++++ Supplied records ++++

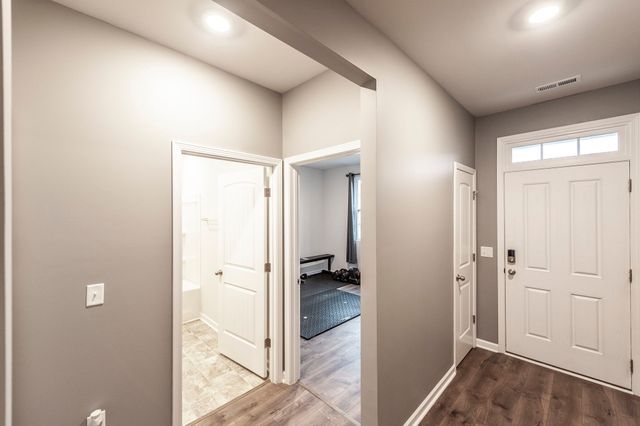 2207 Knox Ln, White House, TN 37188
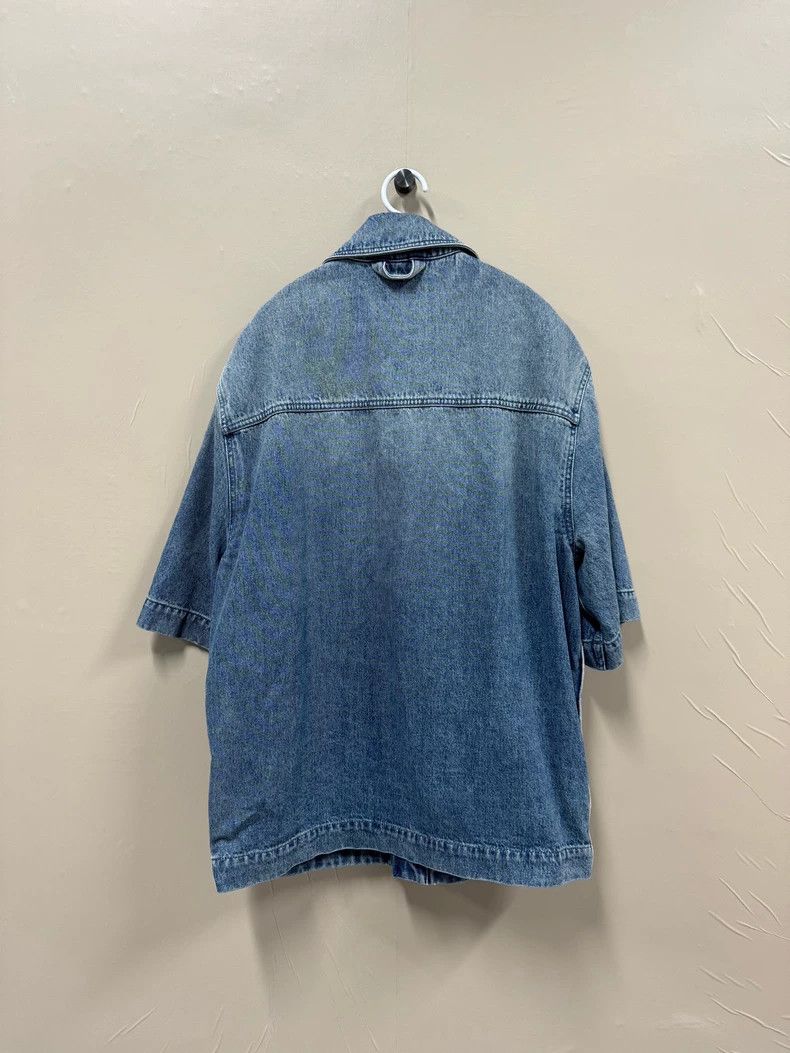 Louis Vuitton Louis Vuitton Washed blue embossed presbyopic logo denim s Size US M / EU 48-50 / 2 - 2 Thumbnail
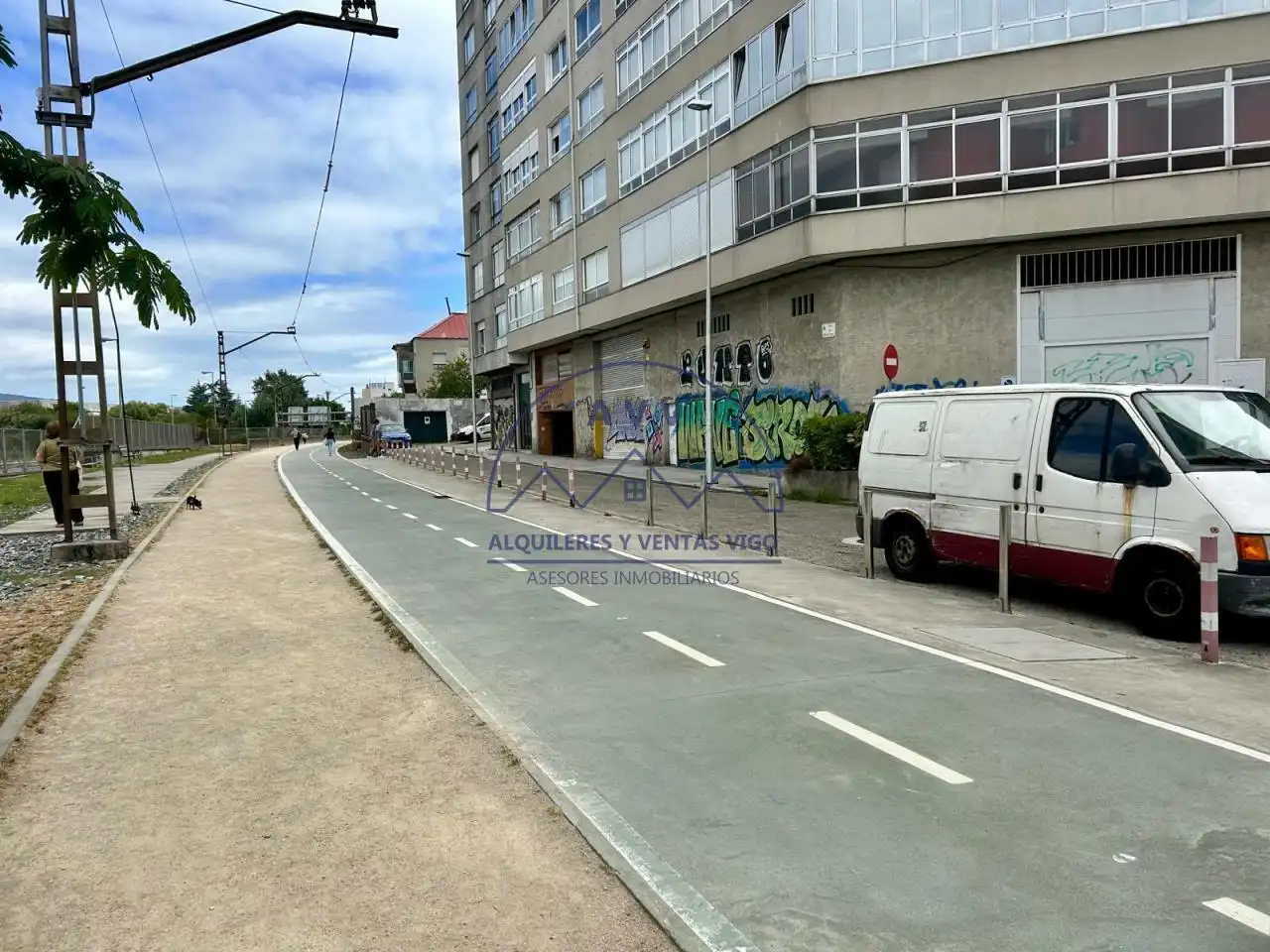 Vista exterior de Pis en venda en Vigo  amb Parquet, Traster i Moblat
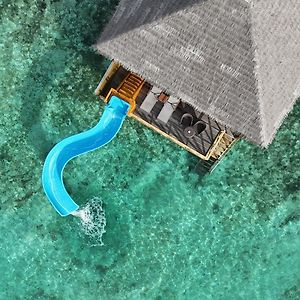 Lagoon Suite Slide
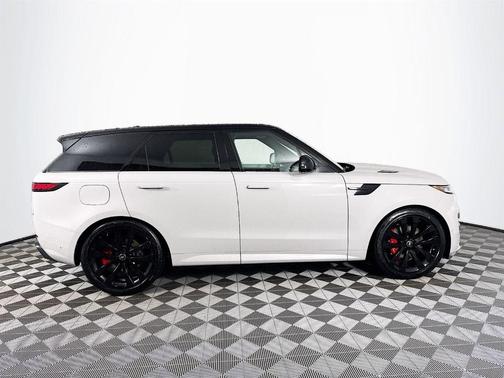 2025 Land Rover Range Rover Sport P530 Dynamic SE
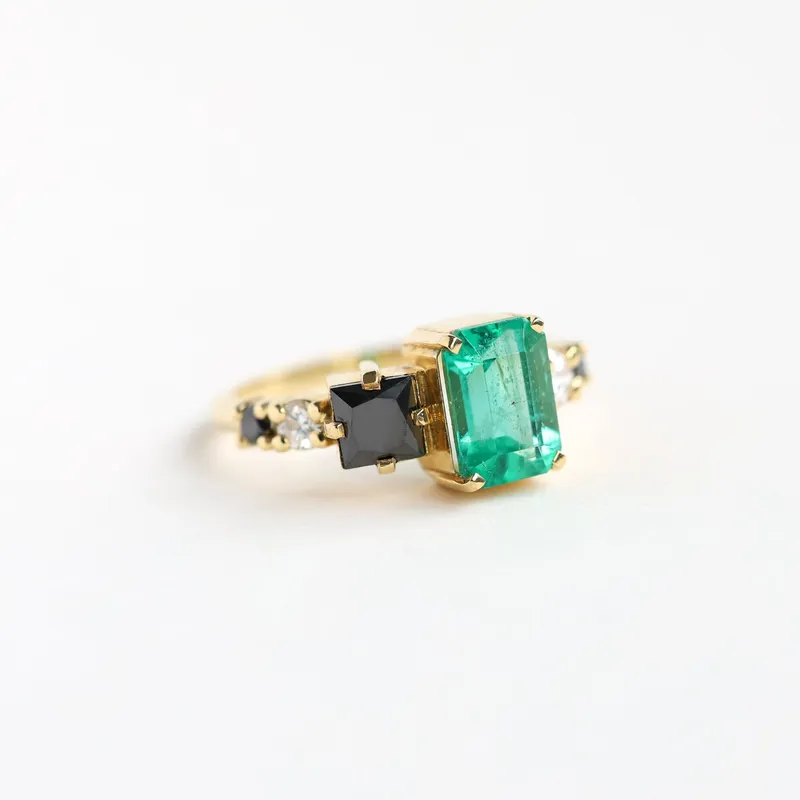 Silvia Emerald Cluster Ring vy 3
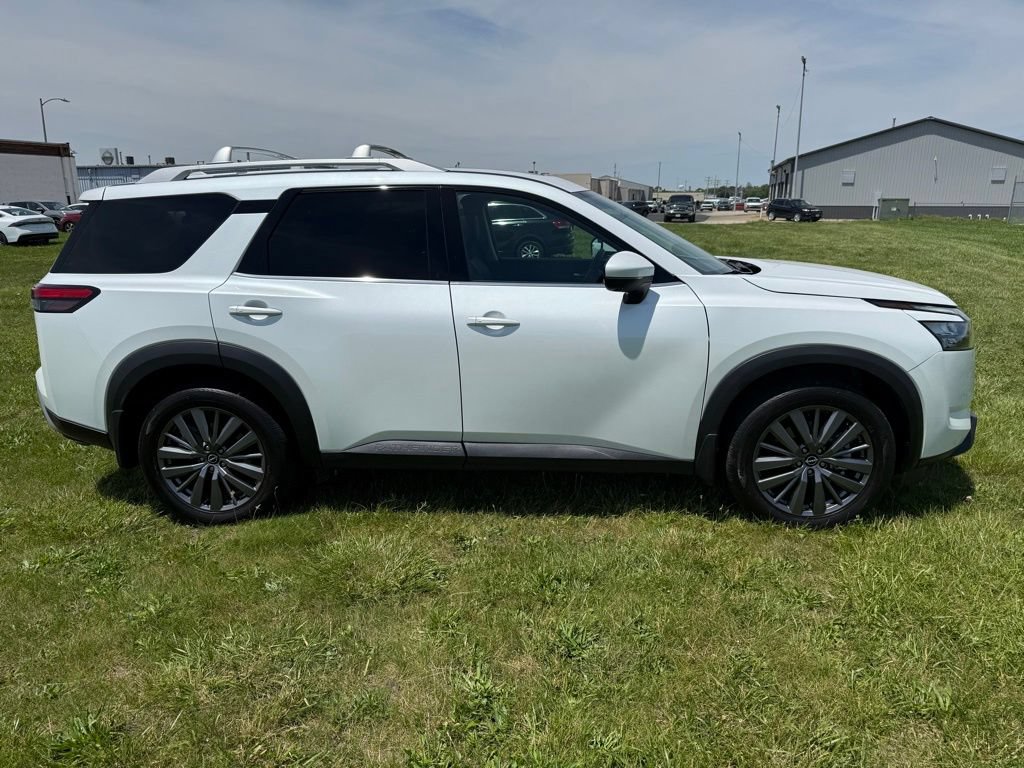 Certified 2025 Nissan Pathfinder SL w/ SL Premium Package AWD/4WD image 4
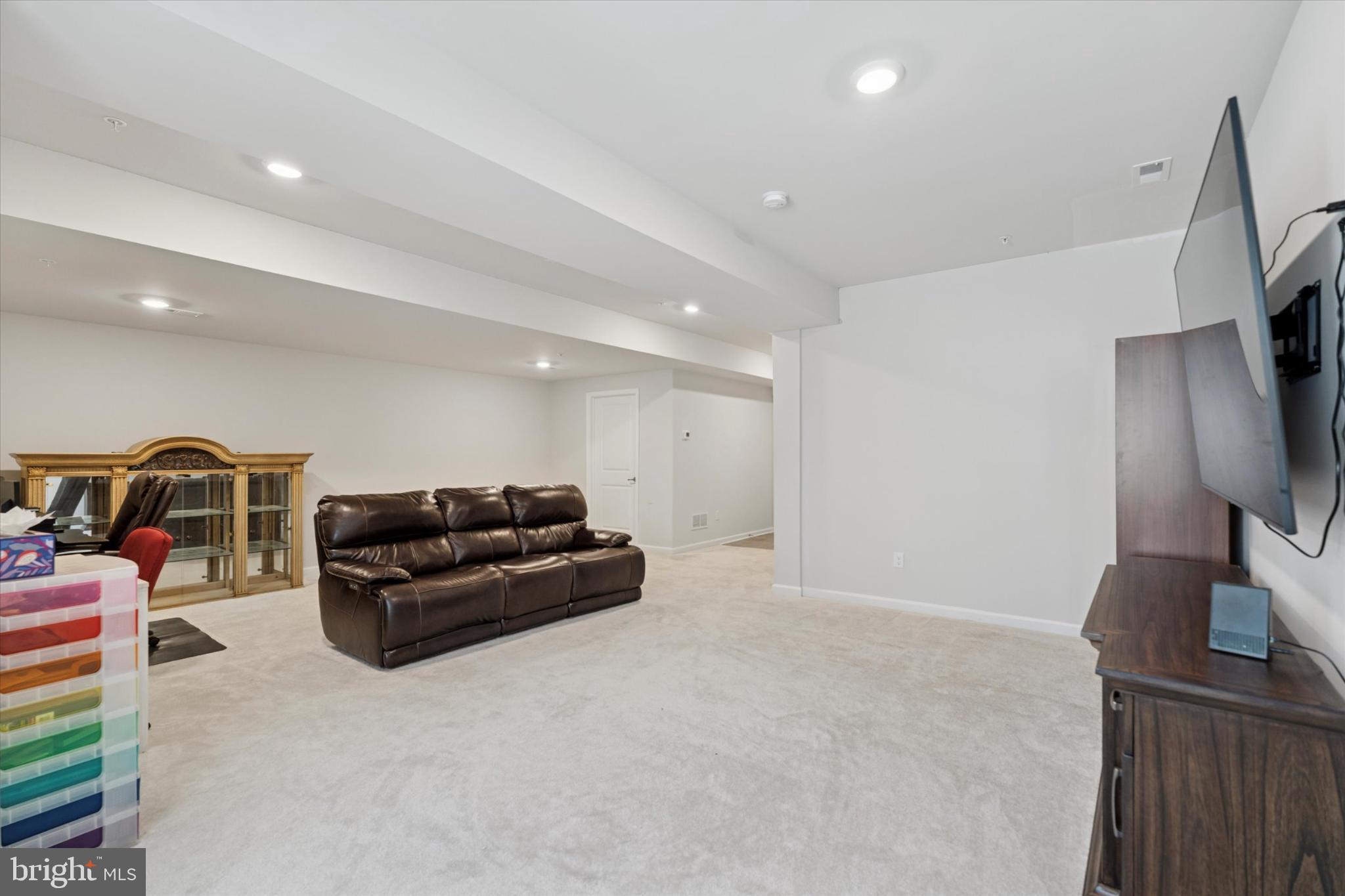 SPRING OAK - Residential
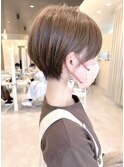 耳掛けショート/丸みショートボブ/マッシュショート/ベージュ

++++

> Work instruction
Transcribe the records above exactly, leaving every picture out of the copy.

> Answer to the problem
 2207 Knox Ln, White House, TN 37188
 Louis Vuitton Louis Vuitton Washed blue embossed presbyopic logo denim s Size US M / EU 48-50 / 2 - 2 Thumbnail
 Vista exterior de Pis en venda en Vigo  amb Parquet, Traster i Moblat
 Lagoon Suite Slide
 2025 Land Rover Range Rover Sport P530 Dynamic SE
 Silvia Emerald Cluster Ring vy 3
 Certified 2025 Nissan Pathfinder SL w/ SL Premium Package AWD/4WD image 4
 SPRING OAK - Residential
 耳掛けショート/丸みショートボブ/マッシュショート/ベージュ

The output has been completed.